Apple and caramel are such a great pairing, aren’t they? This dessert was light as a cloud; exactly what I was looking for out of my new meringue recipe. So tell me, what’s your take on meringues? THG
3 large egg whites
Large pinch of salt
3/4 cups packed brown sugar
1 tsp. vanilla extract
1 tsp. white vinegar
1 tsp. cornstarch
Green Apple Mousse (based on Tartelette’s recipe here):
1 1/2 tsp. unflavored gelatin
2 Tbsp. cold water
1 1/4 cup milk
1 Tbsp. vanilla
3 egg yolks, at room temperature
1/4 cup sugar
1/3 cup fresh Granny Smith apple juice
1 cup heavy cream
3/4 cup packed brown sugar
2 tsp. cornstarch
1 cup fresh Granny Smith apple juice
1 tsp. vanilla extract
2 Tbsp. heavy cream
1/2 tsp. salt
2 1/2 Tbsp. unsalted butter
Preheat oven to 250ºF.
In a stand mixer, whip egg whites and salt on high to stiff peaks.

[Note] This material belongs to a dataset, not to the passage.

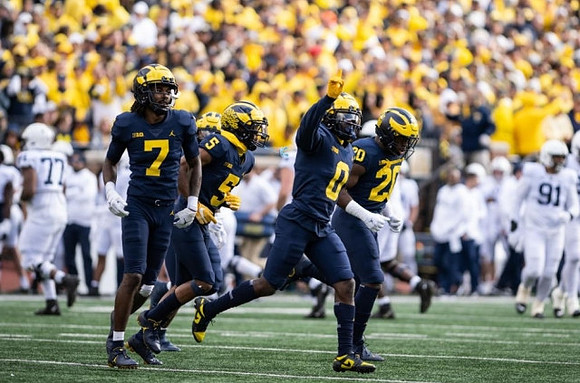 Makari Paige (7), DJ Turner (5), Mike Sainristil (0), and Kalel Mullings (20)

Reduce speed to low and add in brown sugar. Once sugar is incorporated, add vanilla extract, vinegar and cornstarch and whip to incorporate. On a parchment paper lined baking sheet, spoon out meringue into 7 small 5-6” circles. Smooth a small well into the center of each meringue circle so there is a slight lip at the edge of each. Bake in the middle of oven for 45 minutes. Turn off heat and leave meringues in the oven for another 3 1/2 hours without opening the oven door. Set aside.

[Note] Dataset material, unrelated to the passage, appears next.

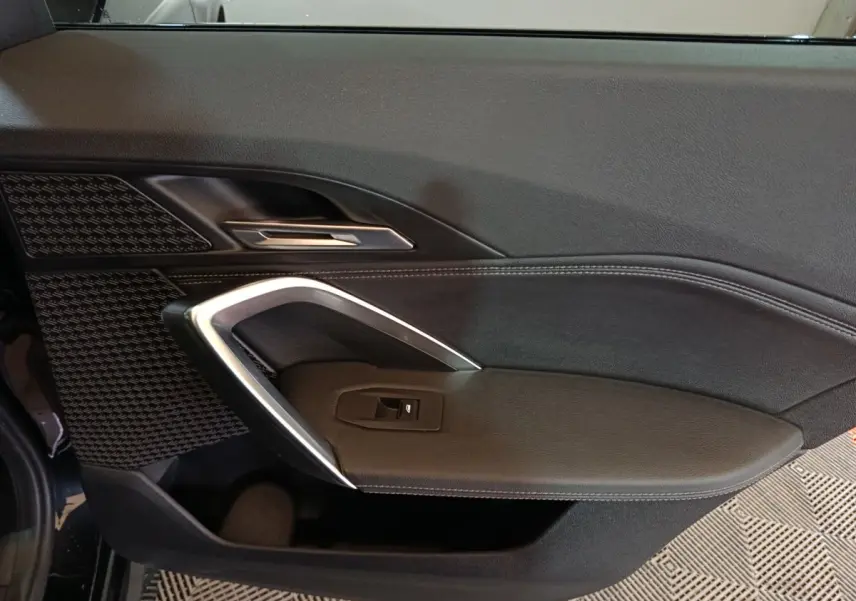 Gros plan sur la porte intérieure côté gauche du BMW X1 noir, avec poignée argentée et bouton de fenêtre électrique.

For the mousse: Sprinkle gelatin over cold water in a small bowl and set aside to bloom. In another bowl, whisk together egg yolks and sugar until smooth and not grainy.
Boil milk and vanilla together in a heavy-bottomed saucepan. Add 1/4 cup of hot milk to egg yolks and whisk vigorously to temper. Add egg yolk mixture to boiling milk and cook over medium heat until mixture has thickened, stirring constantly. Add juice and stir to incorporate. Add gelatin and stir until dissolved. Remove from heat. Set aside to cool with a piece of plastic wrap placed directly on top of mixture to prevent a skin from forming.

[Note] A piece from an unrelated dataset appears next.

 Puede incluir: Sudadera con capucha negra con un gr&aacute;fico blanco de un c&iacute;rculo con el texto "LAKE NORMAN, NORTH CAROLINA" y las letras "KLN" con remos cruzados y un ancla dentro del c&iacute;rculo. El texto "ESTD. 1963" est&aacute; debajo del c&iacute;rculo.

In a stand mixer, whip heavy cream to stiff peaks. Fold into egg yolk mixture. Refrigerate to set, about 2 hours.
For the caramel: In a heavy-bottomed saucepan, whisk brown sugar and cornstarch together. Add apple juice, vanilla extract, heavy cream and salt and whisk. Cook over medium heat, without stirring, until mixture begins to thicken. Whisk in butter and remove from heat to cool.
To assemble: Fill center of the pavlova with about 2 Tbsp. of caramel sauce. Using an ice cream scoop, scoop apple mousse on top of caramel. Drizzle caramel sauce on top of mousse and finish with a thin slice of green apple.